Remember that these AC’97 controllers depend on the host CPU to do most of the work associated with their particular tasks, but because of this they add a negligible amount to the final cost of the motherboard.
· Integrated Hardware Monitoring – Once again, by integrating hardware monitoring onto the 686A South Bridge, VIA helps to cut motherboard manufacturing costs by removing yet another chip from the PCB. Most motherboards use an external chip to provide hardware monitoring functionality, which takes up PCB space and adds the cost of the chip to the motherboard.
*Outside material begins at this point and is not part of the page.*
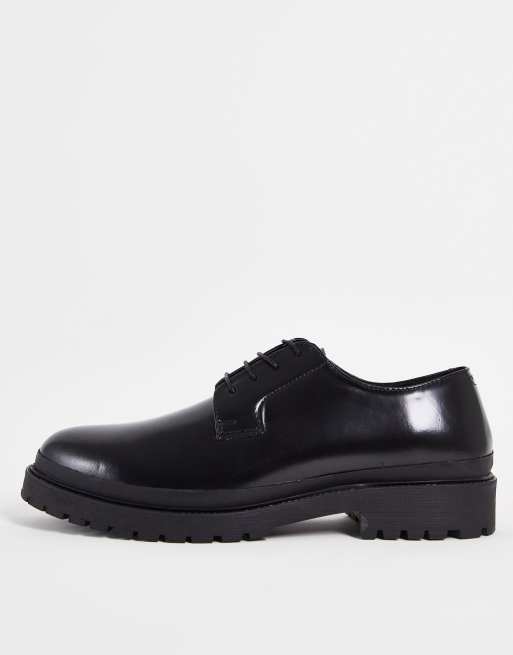 Red Tape chunky lace up shoes in black high shine leather | ASOS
The integrated hardware monitoring can monitor 5 voltages (including the voltage supplied to the 686A chip itself), three temperatures (including the temp of the 686A), and two fans.
· Universal Serial Bus Controller – The 686A’s USB controller goes one step above Intel’s current USB implementation by allowing support for up to 4 USB devices.
In the end, the 686A South Bridge helps to integrate three commonly external chips (I/O Controller, Hardware Monitoring Controller, and South Bridge) into one chip.
Part Numbers & Buying a Thunderbird
Earlier on in the review, we mentioned that the Thunderbird would still fall underneath the Athlon name, basically meaning that now there are two types of Athlons that carry the same name. The Athlon 750 – 1GHz parts will be available in both regular Athlon and Thunderbird versions, so how can you tell the two apart?
First of all, don't assume that the difference will be price. AMD is hoping to make the transition to Thunderbird as quickly as possible, and what they're doing to help ensure that is by selling Thunderbird parts to vendors at the exact same price as older Athlon parts. Meaning that it costs as much for a vendor to purchase an older Athlon 800 as it does for them to purchase a new Thunderbird-based Athlon 800. This should translate into Thunderbirds being the exact same price as the regular Athlons, although some vendors may discount the older Athlons by a bit in order to rid themselves of any excess stock they may have.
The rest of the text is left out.